Fifty years on, the arguments continue. As dignitaries return to Washington for this week's celebration of NATO's 50th anniversary, critics are raising hard questions about the alliance's purpose in today's post-cold-war world. The Kosovo crisis could yet split allies apart.

But it may be worth remembering that NATO has had hard times before. And somehow, something that began as a hollow shell did not turn out too badly.

"The Alliance faced challenges and met them, however imperfectly," writes National Defense University Prof. Richard Kugler in a recent NATO history. "Its ... actions and strength in times of turmoil are a key reason the West won the Cold War. If the past is prologue, it can rise to the occasion again."

One thing NATO has not been is particularly fast-moving. Its 1949 creation was fully two years after the beginning of the long stand-off with the Soviet Union.

Its initial geopolitical goals, to paraphrase its founding secretary-general, Lord Ismay, were to keep the Americans in, the Germans down, and the Russians out. Each of these goals, in turn, handed NATO leaders challenges that were precursors of the problems of today.

In the years immediately after World War II, it was not clear the Americans would stay in - would remain engaged in Europe. At NATO's founding, Truman administration officials promised Congress the move would not lead to permanent stationing of US troops on European soil.

Then the Korean War, which raised fears of communist expansion, and the explosion of the Soviet Union's first atomic weapon changed the equation. President Truman raised the military budget and sent five Army divisions to Europe. NATO formed an integrated command, and a long accretion of armed forces began.

Keeping the Germans down - making sure they remained a committed European partner - has similarly not always seemed foreordained. It was not until 1955, 10 years after the fall of Hitler, that the alliance felt comfortable enough to allow West Germany in.

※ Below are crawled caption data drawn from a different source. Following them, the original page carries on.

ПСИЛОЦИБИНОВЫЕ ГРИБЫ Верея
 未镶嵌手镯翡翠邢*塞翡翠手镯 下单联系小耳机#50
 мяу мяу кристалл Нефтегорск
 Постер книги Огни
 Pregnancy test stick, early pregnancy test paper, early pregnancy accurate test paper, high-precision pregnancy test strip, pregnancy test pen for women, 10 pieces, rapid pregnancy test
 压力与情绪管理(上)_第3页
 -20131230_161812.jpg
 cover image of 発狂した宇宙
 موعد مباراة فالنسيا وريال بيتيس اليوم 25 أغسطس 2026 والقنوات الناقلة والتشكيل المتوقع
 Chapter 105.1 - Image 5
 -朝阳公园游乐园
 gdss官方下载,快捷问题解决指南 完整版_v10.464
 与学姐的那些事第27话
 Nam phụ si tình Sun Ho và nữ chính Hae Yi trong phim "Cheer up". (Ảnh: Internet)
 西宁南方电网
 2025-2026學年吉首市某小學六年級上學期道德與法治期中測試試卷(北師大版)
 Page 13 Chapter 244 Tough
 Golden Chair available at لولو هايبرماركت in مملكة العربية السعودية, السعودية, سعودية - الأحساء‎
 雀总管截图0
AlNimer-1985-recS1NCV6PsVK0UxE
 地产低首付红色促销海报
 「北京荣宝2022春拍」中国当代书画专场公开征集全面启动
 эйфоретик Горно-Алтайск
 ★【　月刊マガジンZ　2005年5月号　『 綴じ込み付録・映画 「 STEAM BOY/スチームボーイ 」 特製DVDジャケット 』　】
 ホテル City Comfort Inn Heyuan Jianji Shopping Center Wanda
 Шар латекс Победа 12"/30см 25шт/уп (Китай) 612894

Keeping the Soviets out was the alliance's core purpose. Yet that took the will to pursue a 40-year arms race. One of the most difficult military steps the alliance ever undertook occurred in the 1980s, when European allies agreed to accept intermediate-range US nuclear missiles, over often heated domestic opposition. The move was needed, leaders felt, to counter a Soviet midrange nuclear threat.

Few critics argue that NATO was unneeded in the past. The cold war ended with hardly a shot fired, after all. The difficult issue now is what comes next, when the Washington NATO party is over?

"Is it a birthday celebration or a funeral?" says Andrew Pierre, a fellow at the US Institute of Peace and author of a new report on NATO at 50.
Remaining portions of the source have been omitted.